Work to be completed
Output the whole listing exactly, with no pictures.

::::

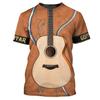 Summer Men's T Shirts Guitar Graphic 3d Fashion Music T-shirt Pullover Short Sleeve O Neck Rock Hip Hop Tops Oversized Clothing   4758 KTB
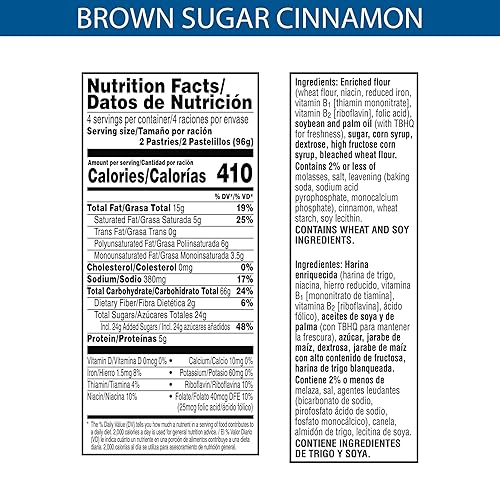 Miniatura 83 de Pop-Tarts, Pasteles tostadoras de desayuno, frambuesa esmerilada, horneadas con orgullo en los Estados Unidos, 96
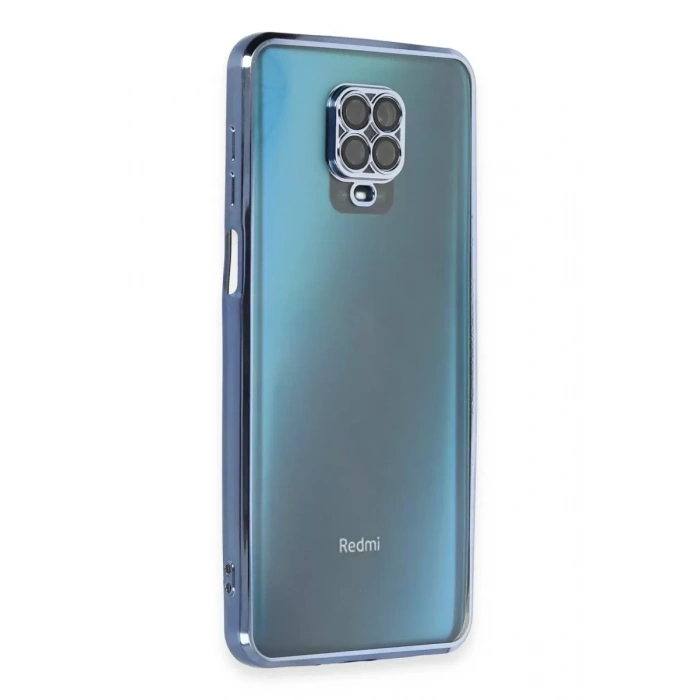 Xiaomi Redmi Note 9 Pro Kılıf Lensli Silikon - Açık Mavi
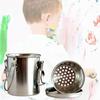 Double Dipper Artist Brush Cleaner Stainless Steel Paint Brush Wash Bucket for Painter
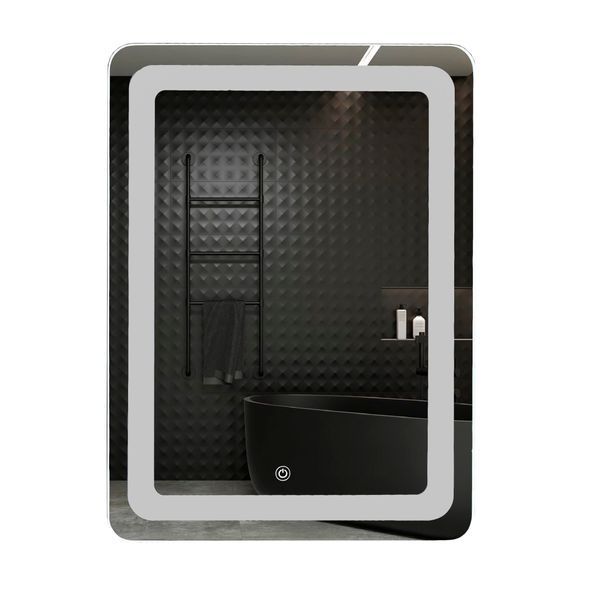 Зеркало UNIO MRR-04 SQR-RA-S 600 x 800 mm LED FL с сенсором 000027463 фото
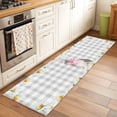 thumbnail image 2 of Runner Rug 2'x6', Blue Easter Bunny Washable Non-Slip Hallway Runner Rugs, Spring Daisy Modern Gray Buffalo Plaid Bedside Rugs Floor Mats Carpet Runners for Kitchen Bathroom Laundry Room, 2 of 8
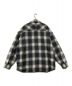 PENDLETON (ペンドルトン) NEIGHBORHOOD (ネイバーフッド) 22AW CHECK BOA SH LS . WO 2221508N-SHM01 チェック柄ボアシャツジャケット オンブレチェック グレー サイズ:XL：27800円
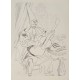POLICHINELLE AU GUERIDON - SEVERINI Gino (1883 - 1966) - Estampe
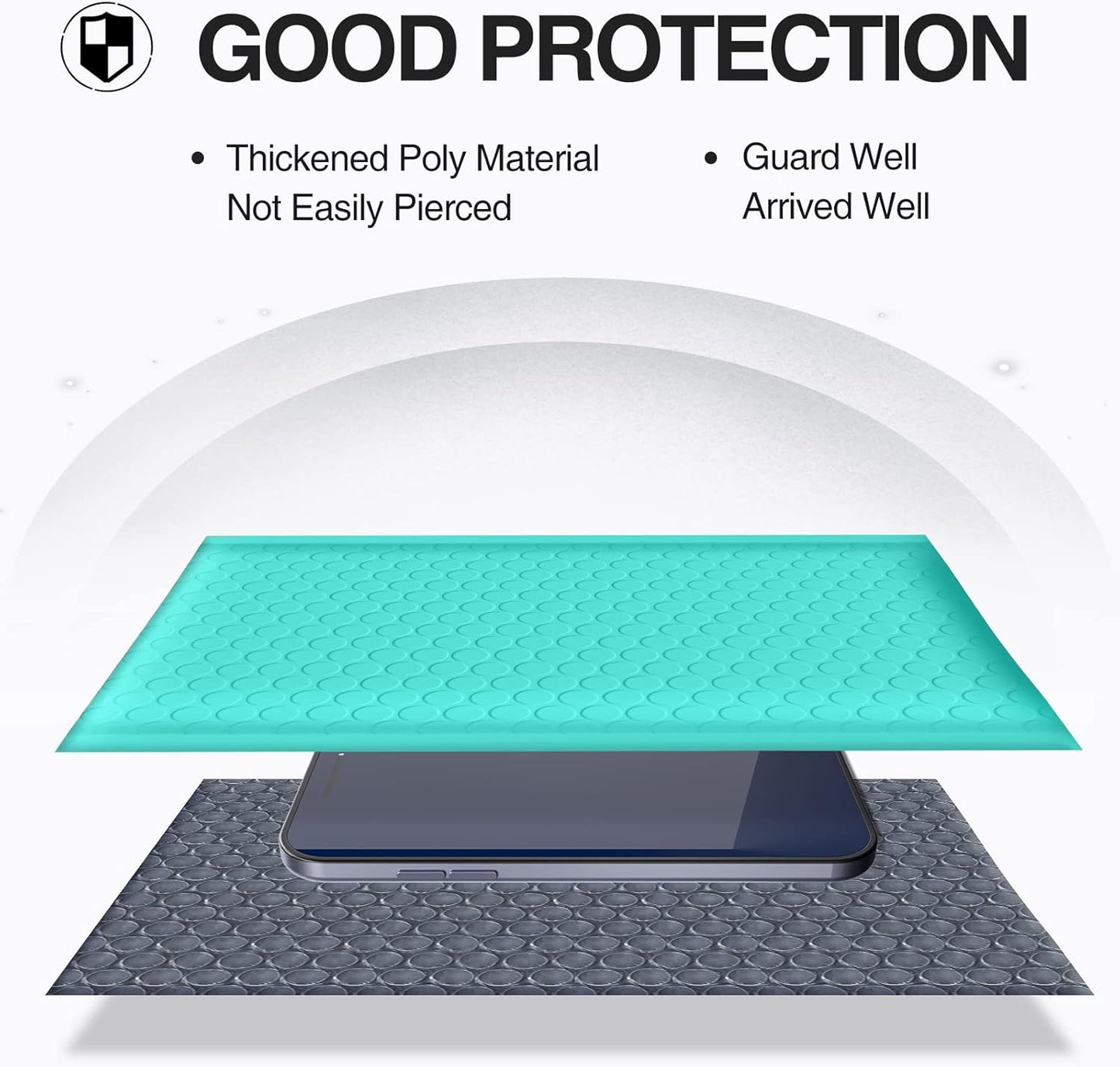 UCGOU Bubble Mailers 12x16 Inch 40 Pack Usable Size 12x15 Inch Large Padded Envelopes Teal Waterproof Packaging Bags for Shipping Self Seal Strong Adhesion Envelopes for Jewelry Makeup Supplies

::::

Exercise solution
 Summer Men's T Shirts Guitar Graphic 3d Fashion Music T-shirt Pullover Short Sleeve O Neck Rock Hip Hop Tops Oversized Clothing   4758 KTB
 Miniatura 83 de Pop-Tarts, Pasteles tostadoras de desayuno, frambuesa esmerilada, horneadas con orgullo en los Estados Unidos, 96
 Xiaomi Redmi Note 9 Pro Kılıf Lensli Silikon - Açık Mavi
 Double Dipper Artist Brush Cleaner Stainless Steel Paint Brush Wash Bucket for Painter
 Зеркало UNIO MRR-04 SQR-RA-S 600 x 800 mm LED FL с сенсором 000027463 фото
 thumbnail image 2 of Runner Rug 2'x6', Blue Easter Bunny Washable Non-Slip Hallway Runner Rugs, Spring Daisy Modern Gray Buffalo Plaid Bedside Rugs Floor Mats Carpet Runners for Kitchen Bathroom Laundry Room, 2 of 8
 PENDLETON (ペンドルトン) NEIGHBORHOOD (ネイバーフッド) 22AW CHECK BOA SH LS . WO 2221508N-SHM01 チェック柄ボアシャツジャケット オンブレチェック グレー サイズ:XL：27800円
POLICHINELLE AU GUERIDON - SEVERINI Gino (1883 - 1966) - Estampe
 UCGOU Bubble Mailers 12x16 Inch 40 Pack Usable Size 12x15 Inch Large Padded Envelopes Teal Waterproof Packaging Bags for Shipping Self Seal Strong Adhesion Envelopes for Jewelry Makeup Supplies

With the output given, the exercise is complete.